I think my mom had one of those or something similar. I just remember finding an old computer and her writing the hell out of code while I was trying to watch The Great Mouse Detective.
 
I'm loving this thread but can we backtrack a second to the CONCEPT of the knife sharpening truck? Because that's the most horrifying thing imaginable. Gather round children, that blaring Heavy Metal music means it's time for the knife truck. Little Billy thought it was an ice cream truck once and he was never seen or heard from again.

If anybody ever told me that they sharpened knives out of a truck... Goddamn y'all will trust anything. No wonder there used to be so many unsolved murders.

"Well now, last I saw him, he was walking up to the knife truck."

A knife sharpening bicycle. He stops, puts it on a stand, flips a lever, and the pedals drive a grinding wheel.
 
A knife sharpening bicycle. He stops, puts it on a stand, flips a lever, and the pedals drive a grinding wheel.

I don't know if that's more or less terrifying. Y'all couldn't sharpen your own knives? How could there possibly be an entire service to replace a fucking rock? You can sharpen a knife with shit you find on the ground.
 
I don't know if that's more or less terrifying. Y'all couldn't sharpen your own knives? How could there possibly be an entire service to replace a fucking rock? You can sharpen a knife with shit you find on the ground.

When I was 11 years old (through about 16 years) I used to have a round wear spot in a rear pocket in my jeans, much like a can of chew would leave, but it was from carrying a round stone for sharpening my knives. Patching gill nets required a very sharp knife.
 
TVs were almost more user fixable then than they are now. You could replace tubes, tuners, power supplies, sound boards and a few other things in just a few minutes. And many of them were standard across different brands and models which made it easier to swap parts.

Yeah, but the thing is TVs and radios broke down more often back then. Those suckers developed a lot of heat and depended on some fine filaments in the vacuum tubes.

Same thing for cars and trucks. You'd be lucky to get 100,000 miles out of a vehicle. People used to say, "Oh Volkswagens are so easy to work on!" Well, it better be easy, because you had to work on them all the time, adjusting the valves, cleaning the ignition points, changing the oil every 1500 miles, and then you might only get 50,000 miles on that air-cooled engine in the heat of the Southwest.

It's stuff like that plus outright apartheid that I don't miss.

I do miss the fact that there used to be much more natural coastline and wilderness than there is now, and there were far less instances of domestic gun violence and less friggin' humans overrunning the planet.
 
When I was 11 years old (through about 16 years) I used to have a round wear spot in a rear pocket in my jeans, much like a can of chew would leave, but it was from carrying a round stone for sharpening my knives. Patching gill nets required a very sharp knife.

A lot of things that look easy really are not. I've had a couple of friends they could put a surgical edge on any knife. I watched one do it with the bottom of a coffee cup.
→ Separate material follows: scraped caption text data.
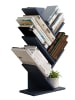 VCM  Holz Aufbewahrung Stand Regal Bücher Nulis L in Anthrazit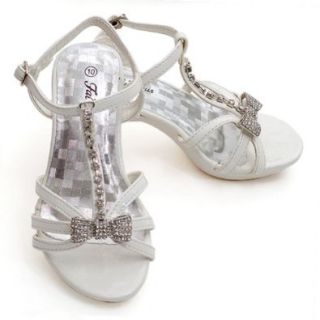 Fabulous Toddler Girls White Rhinestone Pageant Sandal Shoe 9 Fabulous Shoes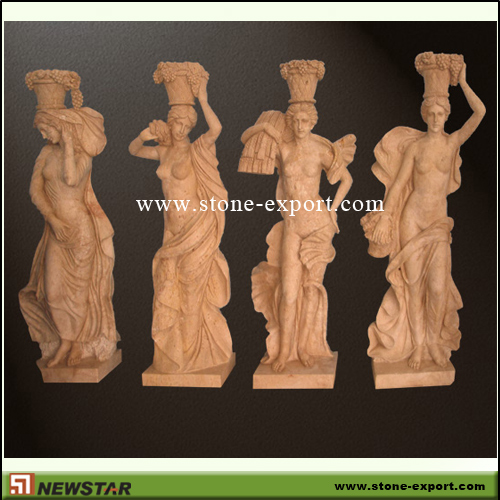 Landscaping Stone,Statue Carving,Henan Yellow Marble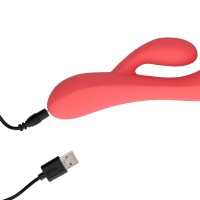 Vibrátor Loveline Smooth Ultra Soft Silicone Rabbit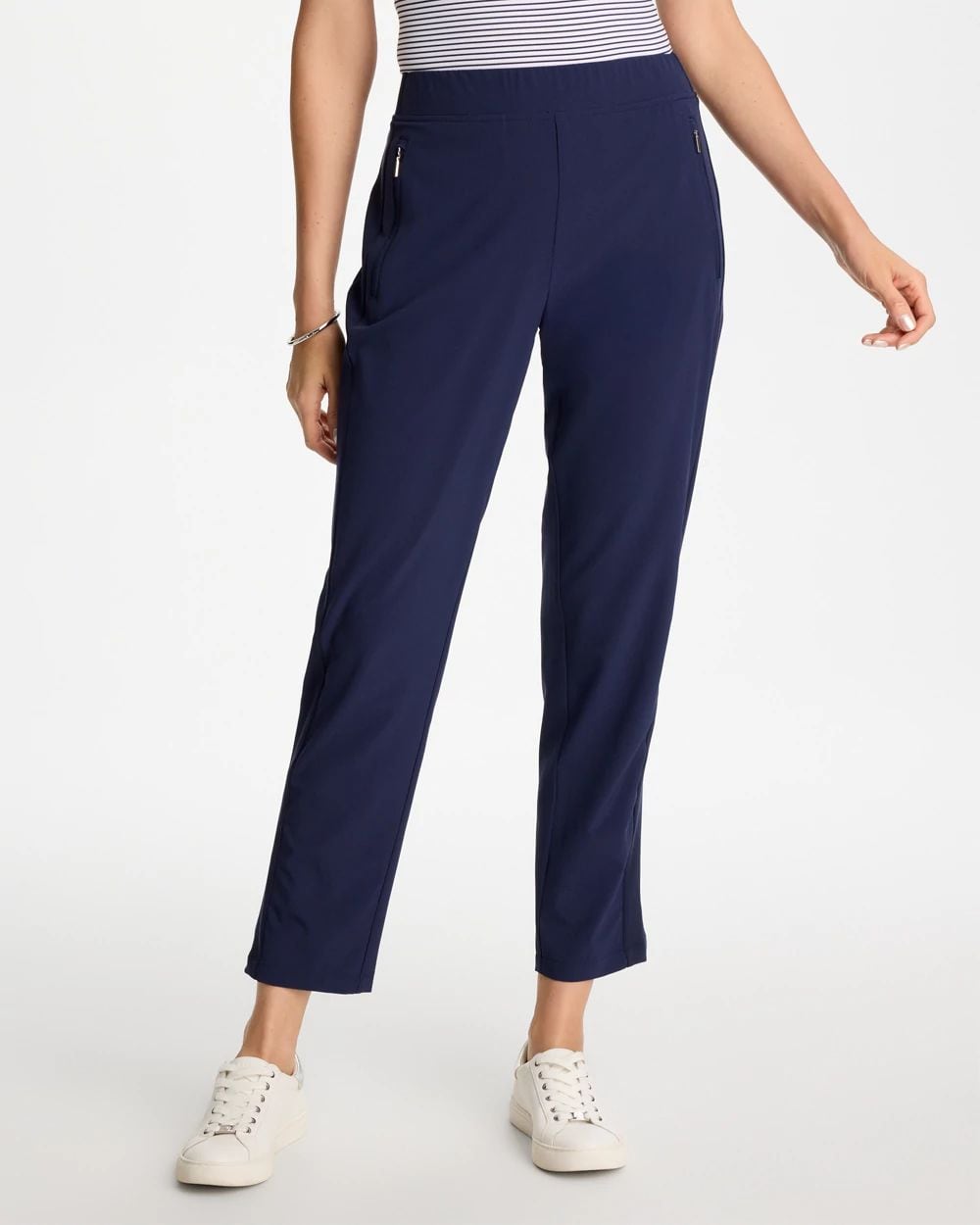 Zenergy® UPF Rib Mix Ankle Pants | Chico's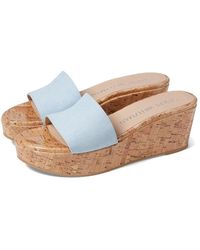 Stuart Weitzman - Summer Wedge Sandal 10 Degrade Leather Slide Khd894 - Lyst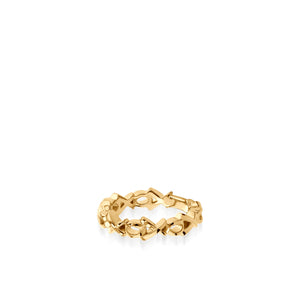 Paris X/O Stack Ring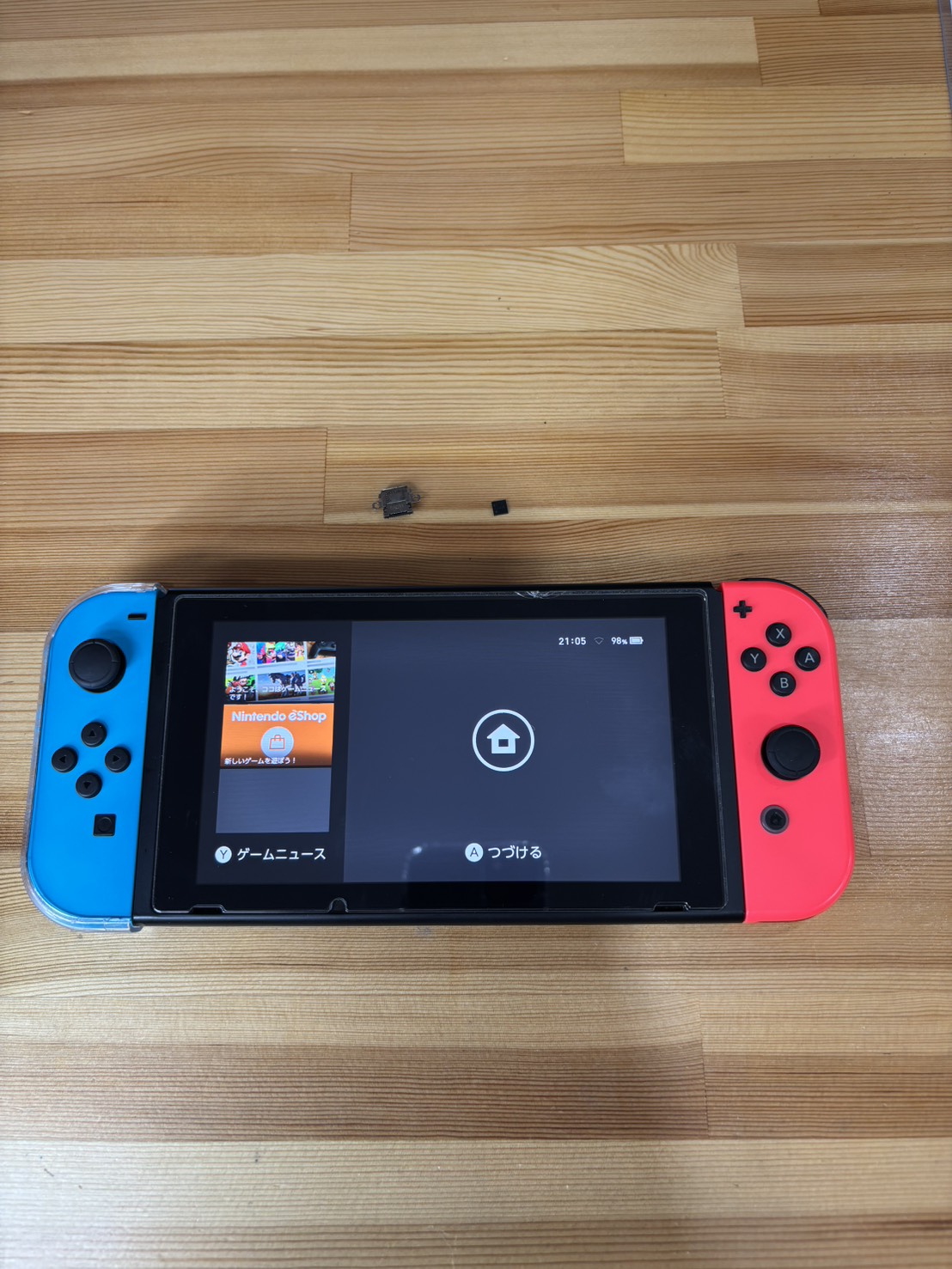 switch基板修理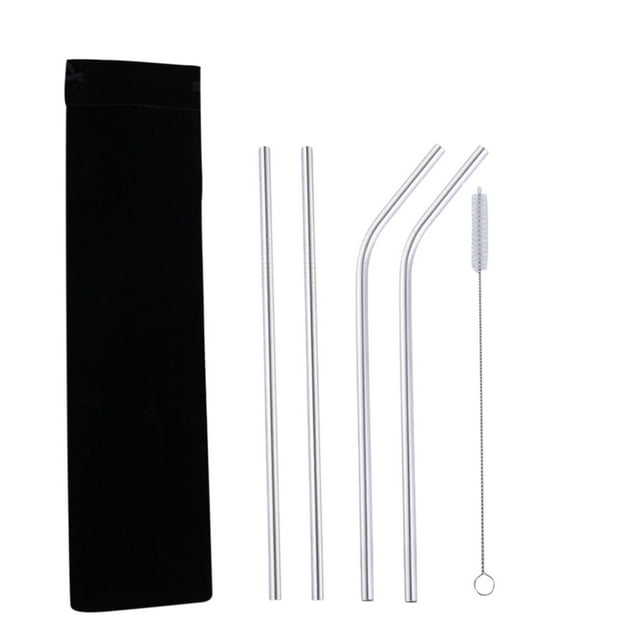 Xihbxyly Pajitas de Colores, Juego Ecológico de Acero Inoxidable, Pajitas Reutilizables Fáciles de Limpiar, Incluye Bolsa de Viaje Portátil, Ideal para Té con Leche, Un Regalo Ideal para Amigos y Fam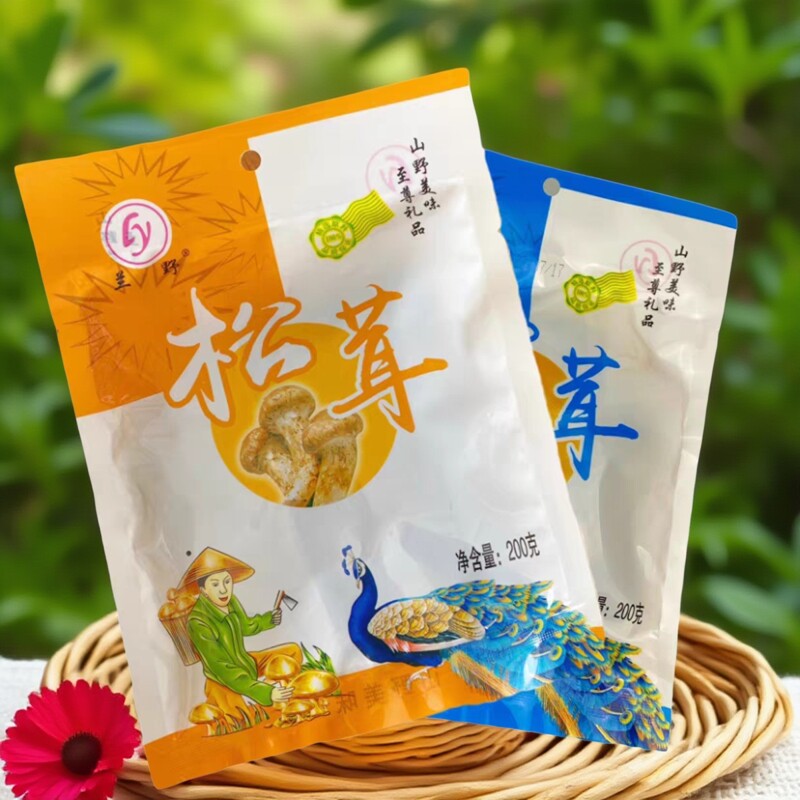 云南特产兰野松茸菌景区同款丽江香格里拉大理包邮餐厅即食送礼10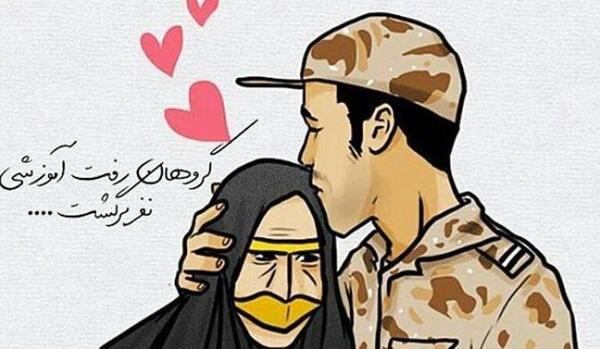 عکس نوشته دلتنگی پسر سربازم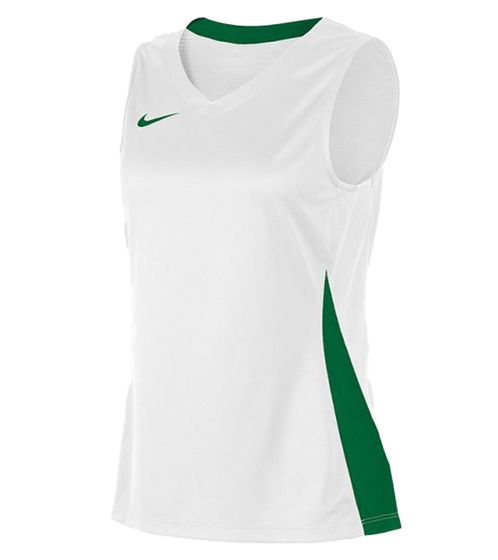 NIKE Team Basketball Women's Tank Top with DryFit Sports Shirt Training Shirt NT0211-104 White/Green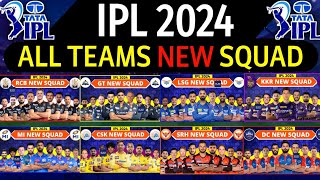 IPL 2024  All Team Squad  IPL Teams 2024 Players List  RCBCSKMIKKRSRHGTDCPBKSRRLSG [upl. by Ymeraj249]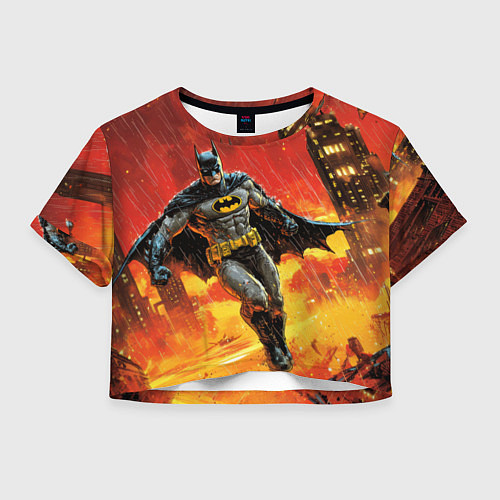 Женский топ Бэтмен застыл в воздухе / 3D-принт – фото 1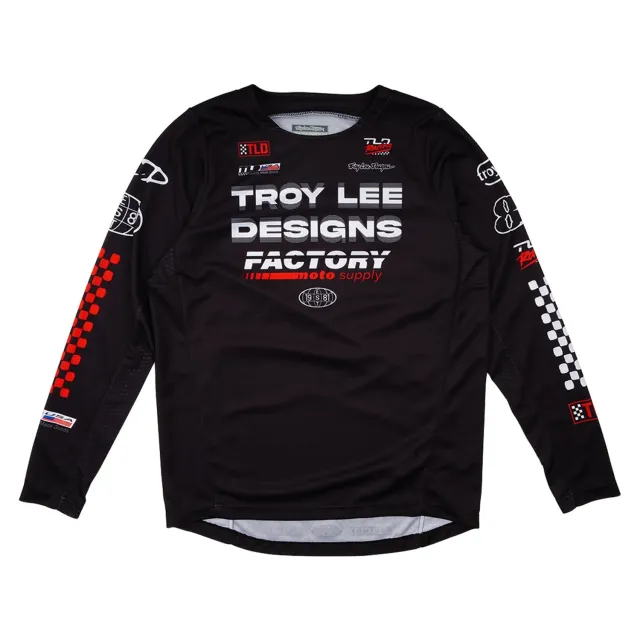 Troy Lee Designs GP Pro Factory maglia moto bambino Black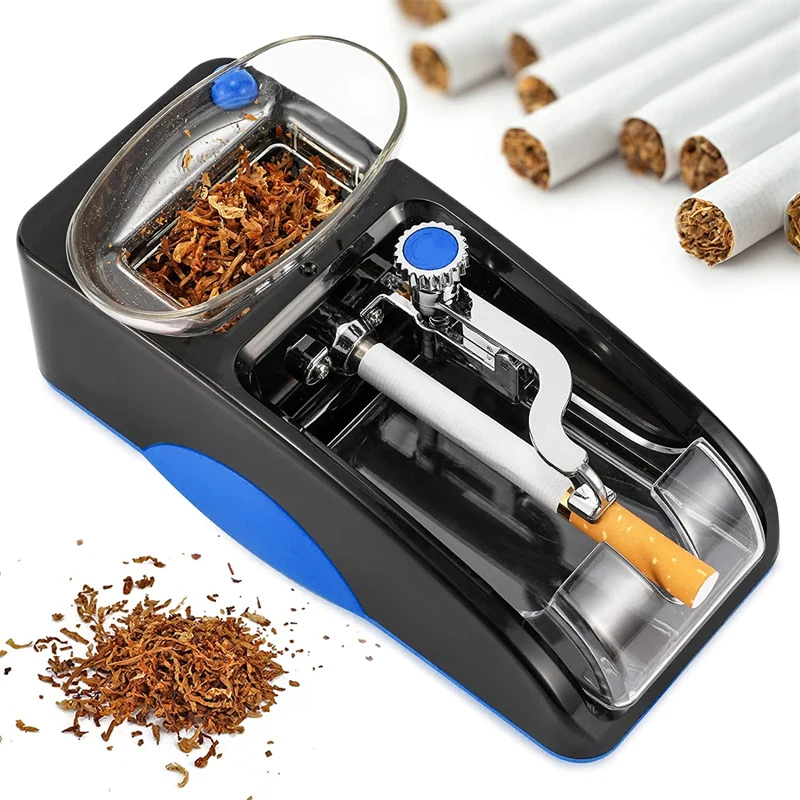 110V/230V Electric Automatic Cigarette Rolling Machine Cigar Roller Smoking Tool EU US Plug Injector Maker Cigarette Accessories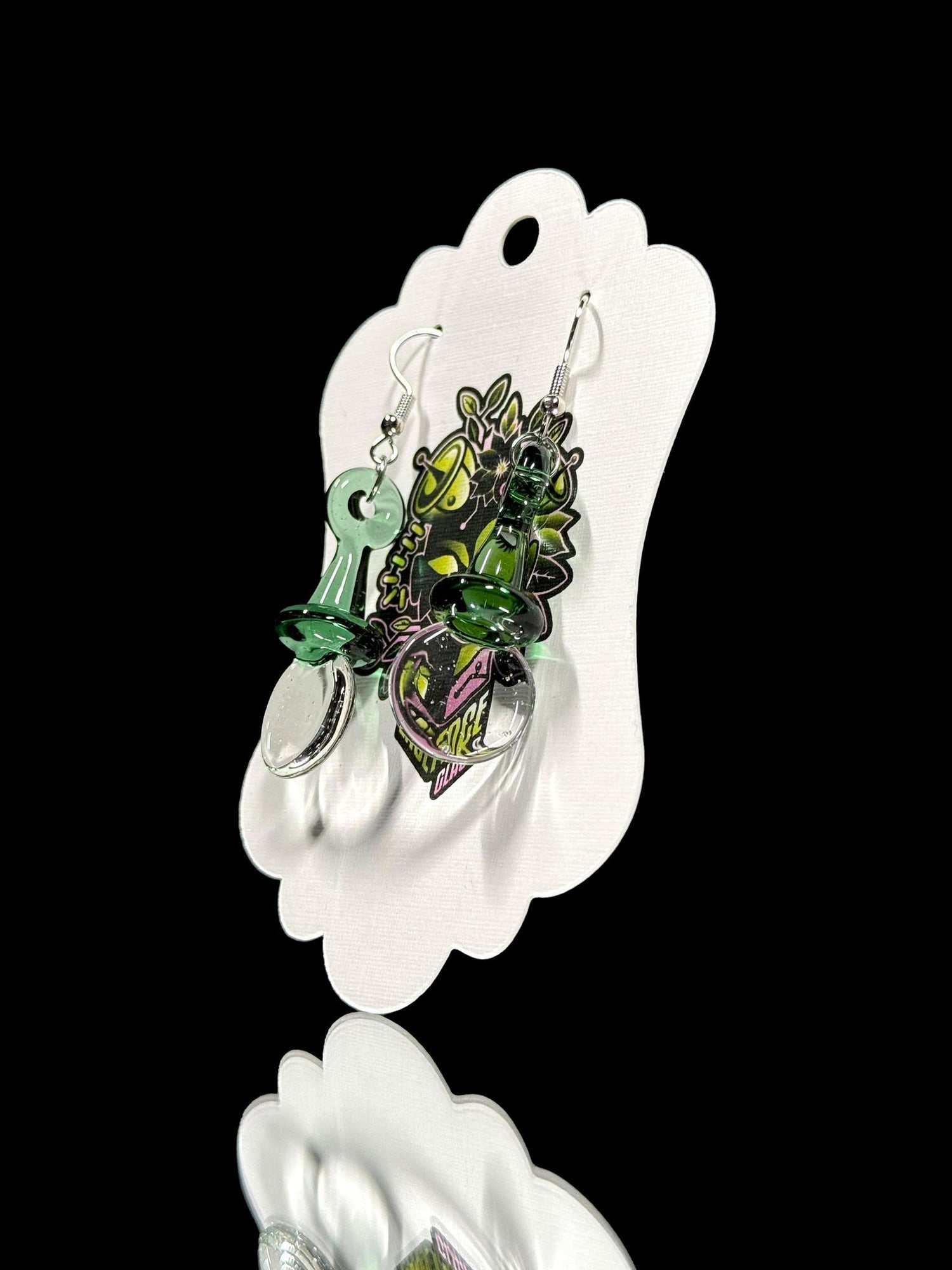 LaceFace Glass Uv Earrings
Even with good equipment I can never seem to get that edge.
 
A lot of things that look easy really are not. I've had a couple of friends they could put a surgical edge on any knife. I watched one do it with the bottom of a coffee cup.

Even with good equipment I can never seem to get that edge.

You needed a better grandfather.
 
You needed a better grandfather.

Right? That was literally my first thought.

Them: -Pays money to the freakishly creepy knife truck/bike-
Me & Thor: -have childhood memories of an old man going, "Youngun hand me that rock."-

You know what I am bad at regardless of how many times my gramps showed me? Lighting fire with sticks, like those friction sticks. I can do that with rocks, my glasses and the goddamn LIGHTER I always keep on me though, so I'm good. I can do it with ice it I can find a clear one.

But I can't do it with sticks. None of us could. Me and my brothers get lost in the woods naked with just sticks I guess we'll just freeze.

But also like I don't know how that would happen. It's not a useful skill so I'm not ashamed of not having it. And I gave up REALLY easily.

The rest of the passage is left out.